Il y eut peu de protestations en Israël, si ce n’est, par un paradoxe pas si paradoxal que cela, celles provenant de la presse libérale, plutôt de droite et conservatrice, et attachée à la propriété privée (Ha’aretz, Ma’ariv), contrairement aux sionistes socialistes qui éprouvent un mépris révolutionnaire pour la propriété dès lors qu’il s’agit de celle des autres. Le Ma’ariv s’indigna en 1953  [5]de ce que

« l’Arabe doive fournir la preuve de sa propriété sur la terre. Non pas le Juif qui l’a prise mais l’Arabe auquel elle a été prise […]. Si on nous demande : deviez-vous, dans tout ce large pays, riche en nombreux déserts et pauvre en fermiers juifs, deviez-vous tourner en dérision vos propres serments, devant vous-mêmes et devant le Conseil des Nations ? Deviez-vous trahir toutes les prophéties de vos prophètes qui avaient prévu le retour du peuple à sa terre ? Deviez-vous profaner toute loi et toute justice à seule fin de voler quelques milliers de dunams  [6] à une poignée de misérables villageois arabes […]. Lorsqu’on nous demandera cela, nous ne pourrons pas garder la tête haute. »

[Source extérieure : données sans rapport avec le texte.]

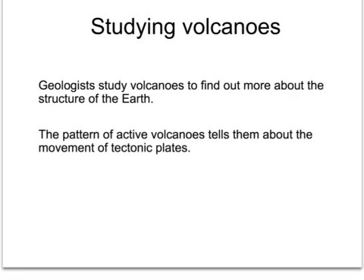Although geologists study volcanoes to try to predict when they will erupt and to save lives, they are also interested in studying volcanoes to find out more about what is below the crust. The pattern of volcanoes and which ones are erupting at any particular time tells them about the movement of tectonic plates, and therefore they can use that to predict further movements and problems in the future.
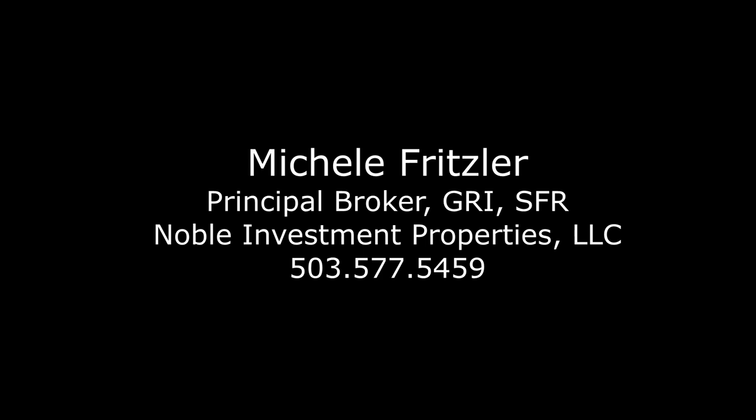For more information or to schedule your own personal tour, please contact Michelle Fritzler with Noble Investment Properties.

V. Les choix irréversibles (1953-1967)

Pendant cette période, s’affrontent pourtant deux lignes sionistes. L’une, relativement modérée, humaine et lucide, est incarnée par Moshe Sharett, premier ministre, puis ministre des Affaires Extérieures de 1953 à juin 1956. Sharett fait des gestes en direction du monde afro-asiatique, il entreprend des négociations secrètes avec Nasser et il se montre réellement soucieux du sort des réfugiés, avec l’approbation notamment de Nahum Goldman, président du Congrès Juif Mondial. L’autre est une ligne dure, incarnée par Ben Gourion. Quoique s’étant théoriquement retiré de la vie publique dans son kibboutz du Neguev, il tire nombre de ficelles. Cette ligne est dominante dans l’armée ; l’armée qui a l’ordre de tirer sur les mistannennim (littéralement les infiltrés) (en arabe al ‘â-idûn, littéralement ceux qui reviennent), lesquels sont pourtant encore, à cette époque, souvent des « commandos » sans armes. Les opérations dénommées « antiterroristes » sont confiées à des unités spécialisées. Dans la plus célèbre, « l’unité 101 », s’illustre déjà le capitaine Ariel Sharon. Ce dernier fut responsable entre autres, en 1953, de l’exécution de soixante civils palestiniens désarmés dans le village de Kybia, tués dans l’explosion de leurs maisons. De telles expéditions, chargées de terroriser les « infiltrés », ont aussi pour objectif politique de saboter les ouvertures du ministère Sharett en empêchant un règlement pacifique de la question des réfugiés.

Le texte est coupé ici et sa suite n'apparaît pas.